The Dagobah System lies within the Dagobah Subsector of the Sluis Sector, located in the Outer Rim Territories galactic quadrant region; 50,250 light-years from Coruscant. The sun was called Dagobah Prime. It is noted as being a former "Sith nexus" that's very strong with the Force, particularly "the Dark Side", and being chosen by Jedi Yoda as the planet to go into exile on to mask his presence and avoid discovery by the Galactic Empire.

Depiction

Film
Dagobah was originally featured in the 1980 film The Empire Strikes Back. In its first appearance, the main protagonist of the film, Luke Skywalker, is attempting to land his X-wing starfighter on the planet and is met with a dense fog causing him to crash land in a small bayou. Shortly after his landing, the Jedi Master Yoda is introduced during his time in exile. Yoda reluctantly agrees to train Skywalker and during his training many aspects of the planet's environment are utilized. Moss-covered rocks are used for training in telekinesis, the undergrowth makes treks through the jungles more challenging, and vines hanging from tall trees are used as means to get across small bodies of water and other obstacles. Skywalker is shown to sense the strength of the Force in a particular cave on the planet which Yoda tells him to go into. Inside the cave, Skywalker is met with a mental challenge the dark side of the Force developed for him.

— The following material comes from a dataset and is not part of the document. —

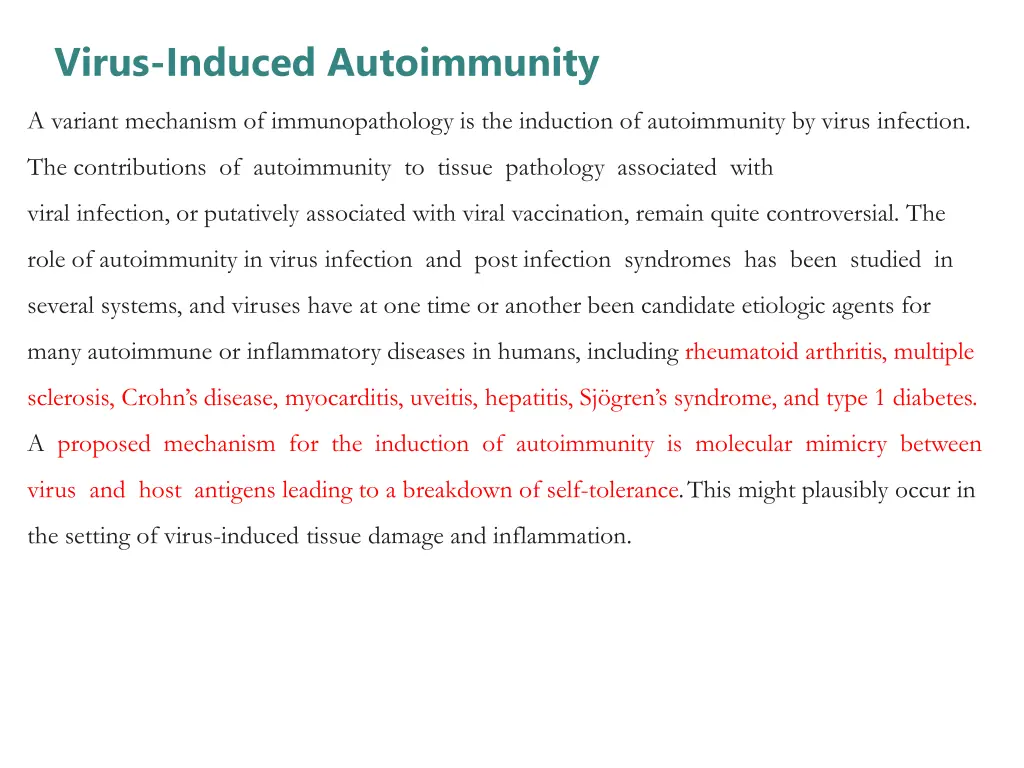 virus induced autoimmunity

The planet is also seen briefly in Return of the Jedi to depict Yoda's death and is featured in a deleted scene from Revenge of the Sith showing Yoda's arrival on the planet. George Lucas reportedly said it was removed so the film would not have "too many endings." The scene was released under the title "Exile to Dagobah" on the film's DVD.

Other media
The Clone Wars featured Dagobah in a sixth-season episode, in which Yoda traveled to the planet as part of his own training to gain immortality through the Force.

In the Star Wars expanded universe, Yoda confronted a Bpfasshi Dark Jedi on Dagobah, some years before the events in The Empire Strikes Back, and the cave where the Dark Jedi died became strong in the dark side of the Force. Star Wars Tales later retconned this event to take place earlier, with another Jedi of Yoda's species named Minch replacing Yoda. Dagobah was also visited by the main characters of the Galaxy of Fear series, where it was home for a time to a tribe of cannibals. During the events of Jedi Knight: Jedi Academy, a team of Jedi Knights from the New Jedi Order visit Dagobah, to find the cave drained of its former menace.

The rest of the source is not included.